De nombreux sénateurs réclament donc un débat sur la stratégie américaine à adopter. L’issue de ces discussions pourrait cependant se limiter à une tempête dans un verre d’eau : il semble peu probable que les républicains veuillent endosser la responsabilité d’une nouvelle "guerre" en Irak.
Même si les républicains sont généralement plus interventionnistes que les démocrates, "aucun des deux camps ne prendra le risque préjudiciable de s’engager dans un conflit aussi sensible à deux ans de la présidentielle américaine", explique Soufian Alsabaggh. Nombre de sénateurs républicains seront candidats à la primaire de leur parti en 2016, rappelle le spécialiste. "Ils peuvent se montrer plus offensifs, remettre en cause la stratégie Obama, mais aucun d’eux ne mettra en péril sa future candidature. Il est donc peu probable de voir des mesures ‘va-t-en guerre’ passer au Congrès."
- Le dossier israélo-palestinien
Jusqu’à présent, l’administration démocrate a toujours essayé de ménager la chèvre et le chou dans le conflit israélo-palestinien. Elle tendait l’oreille vers l’Autorité palestinienne tout en "brusquant" Israël, son allié historique, dont elle a souvent exigé plus de retenue dans sa guerre contre le terrorisme.
Une attitude qui a eu le don d’irriter Benjamin Netanyahou, le Premier ministre israélien, qui a souvent reproché à Barack Obama son "indulgence" envers les "terroristes". Dès le début du mandat du président américain, l’inimitié entre les deux hommes était un secret de Polichinelle. Netanyahou n’avait pas supporté qu’Obama, à peine élu, fasse part de souhait de l’arrêt total des colonisations en cours en Cisjordanie.
"Ce qui change aujourd’hui, c’est surtout la réaction de Benjamin Netanyahou. Ce dernier doit évidemment se réjouir de la victoire des républicains, farouchement pro-israélien", précise Soufian Alsabbagh.
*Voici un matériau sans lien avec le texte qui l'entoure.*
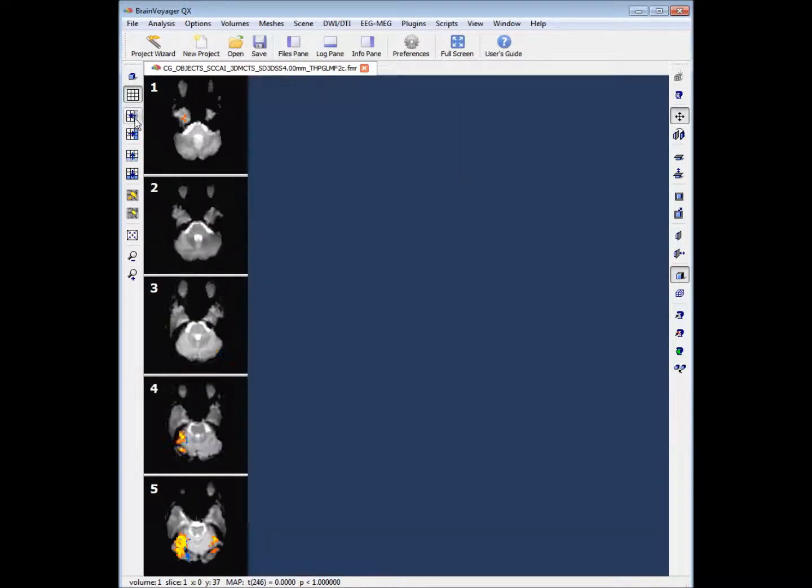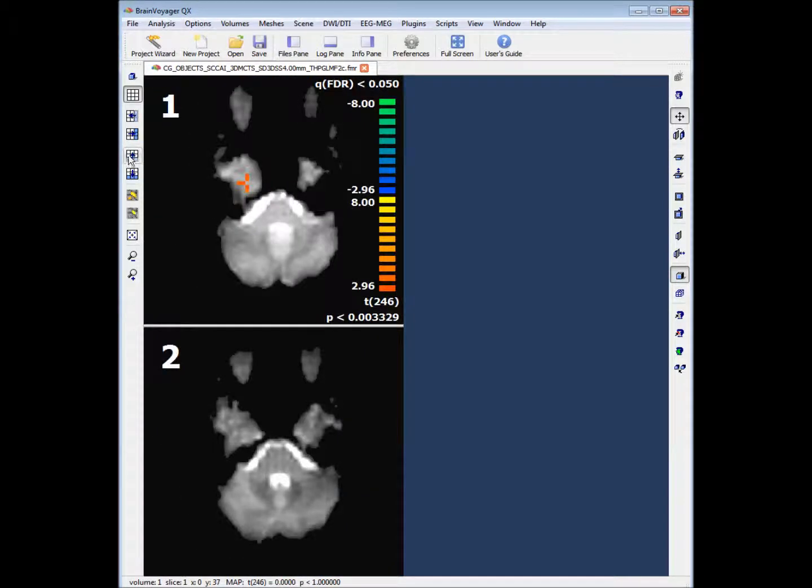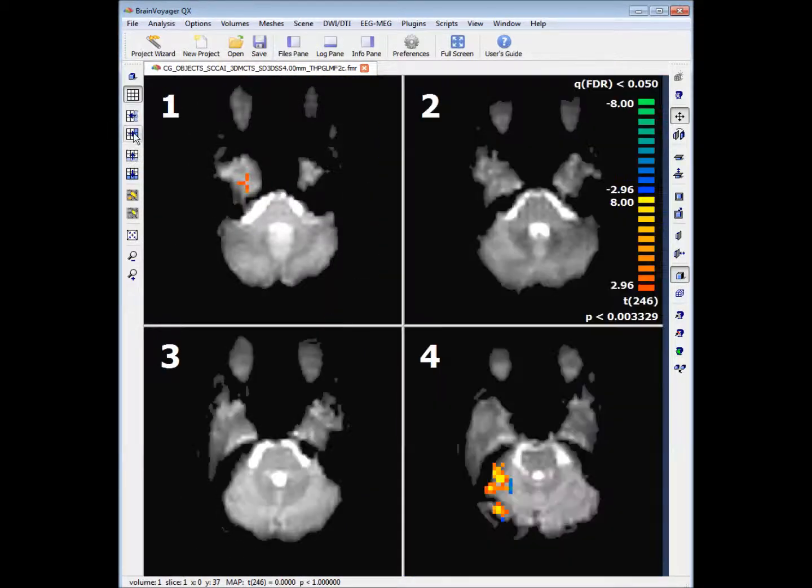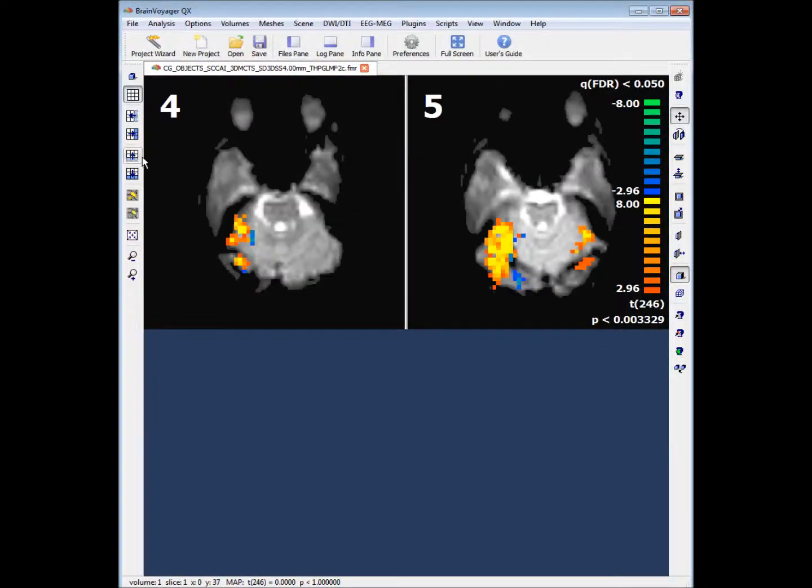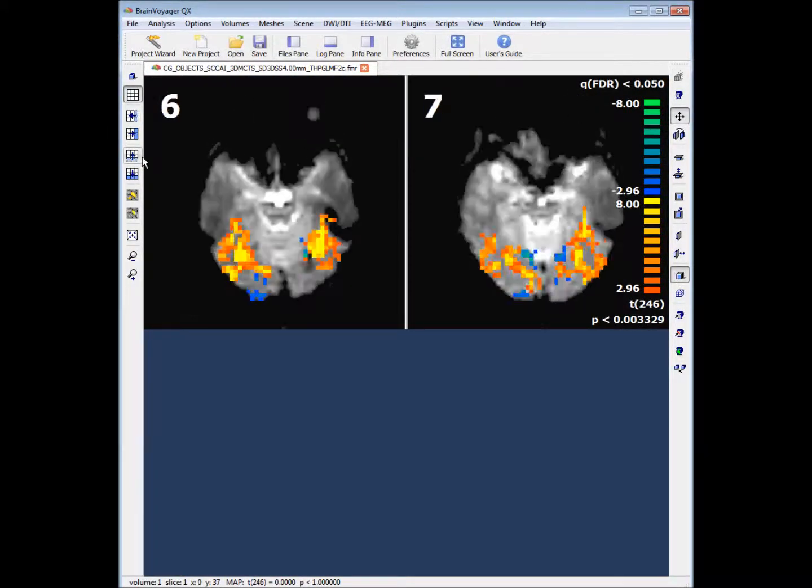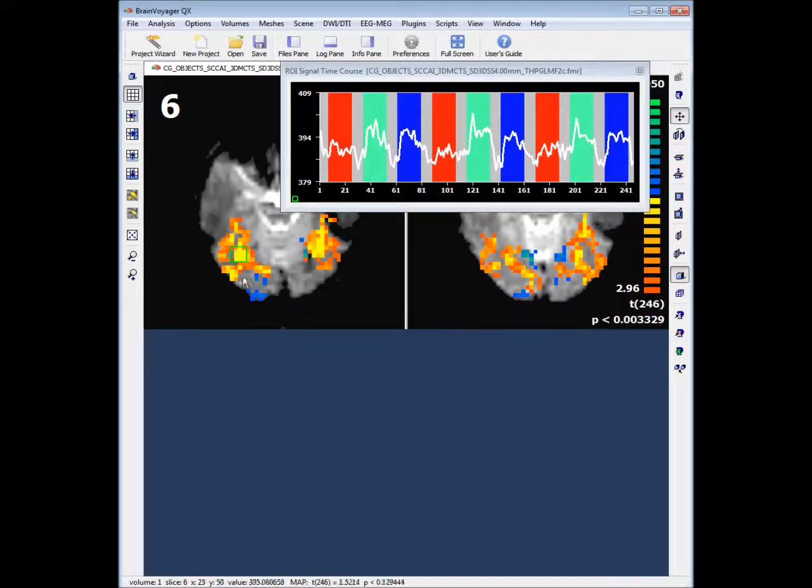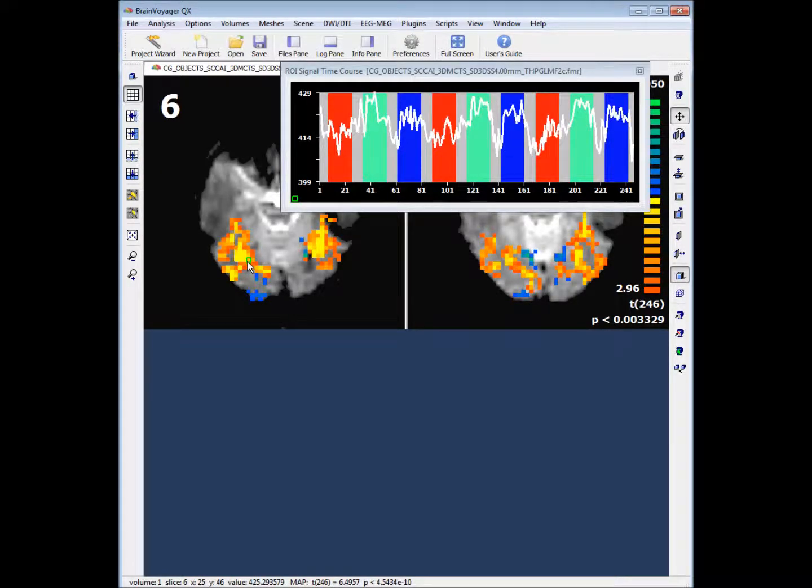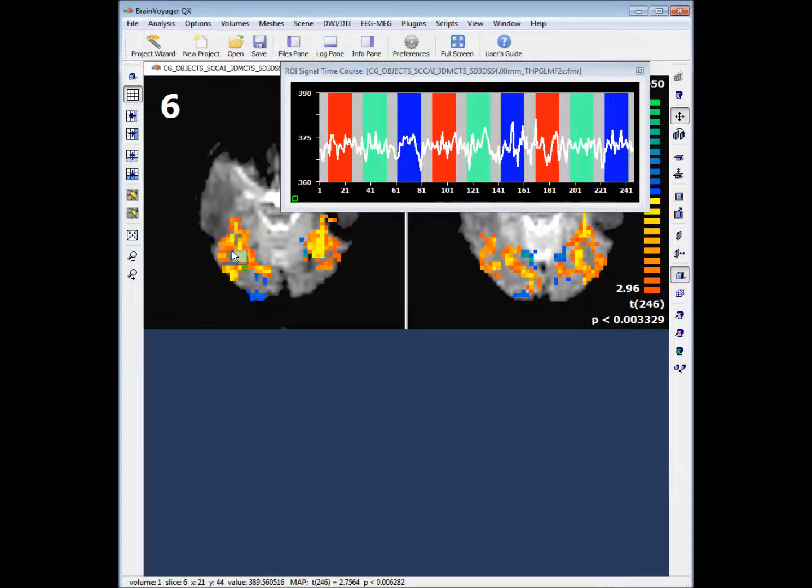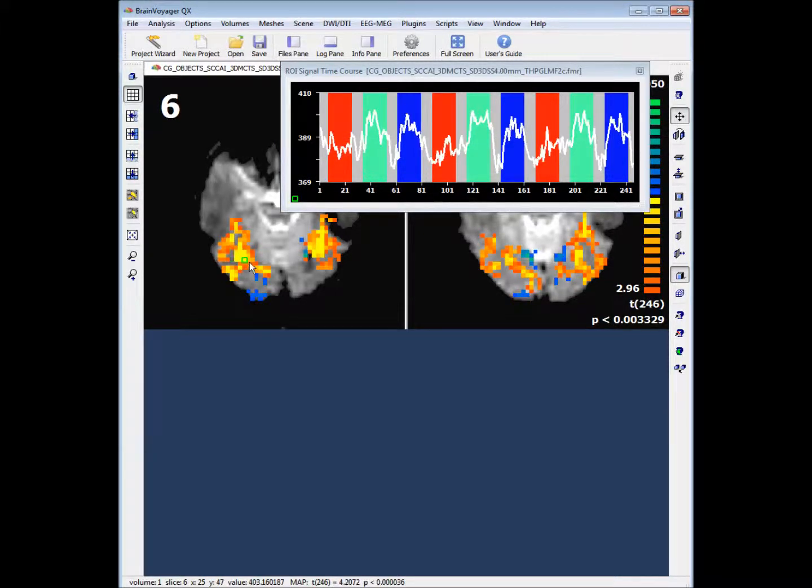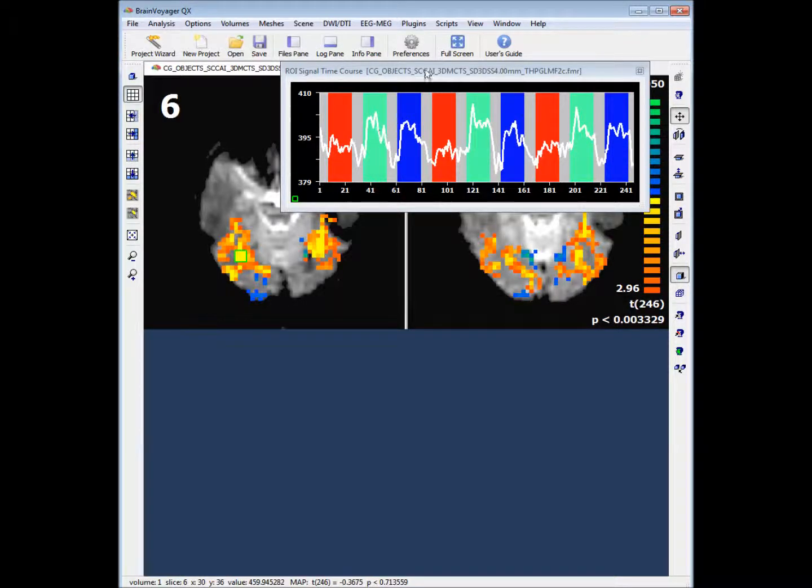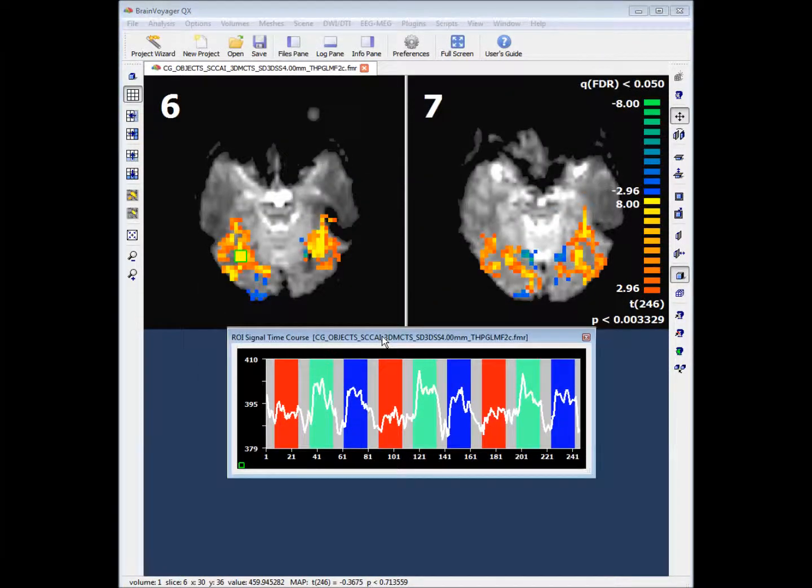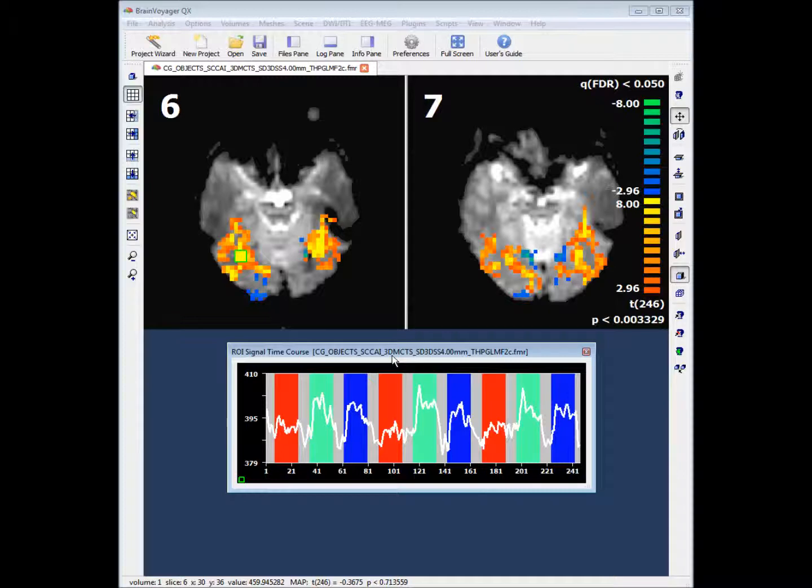We want to focus on slices 6 and 7. We want to define a region of interest. If we select the area that looks like a yellow square on slice 6 in the right hemisphere, it may take you a few tries to get this properly. But once you have it you should have your average time course for all the voxels and your region of interest displayed in the signal time course.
Ce dernier rappelle que le Premier ministre de l’État hébreu avait publiquement soutenu Mitt Romney lors de la dernière campagne présidentielle.
- Les traités de libre-échange internationaux
Le dossier des négociations commerciales dans le monde est un enjeu crucial de la politique économique américaine. "Sur ce dossier-là, démocrates et républicains sont à l’unisson. C’est un dénominateur commun des deux camps. Le commerce extérieur et la relance économique ne sont pas des sujets claniques", précise le spécialiste des États-Unis.
Si une petite opposition démocrate exprime son hostilité aux négociations en cours sur deux accords majeurs : le TPP (traité transpacifique) et le TTIP (traité transatlantique), la grande majorité des républicains y est favorable.
Le TPP et TTIP sont deux "méga" traités commerciaux américano-asiatique et américano-européen, en cours de discussion, qui devraient redéfinir l’architecture des échanges économique de la planète. Il est donc probable que leur signature ne soit freinée ni par un camp ni par l’autre.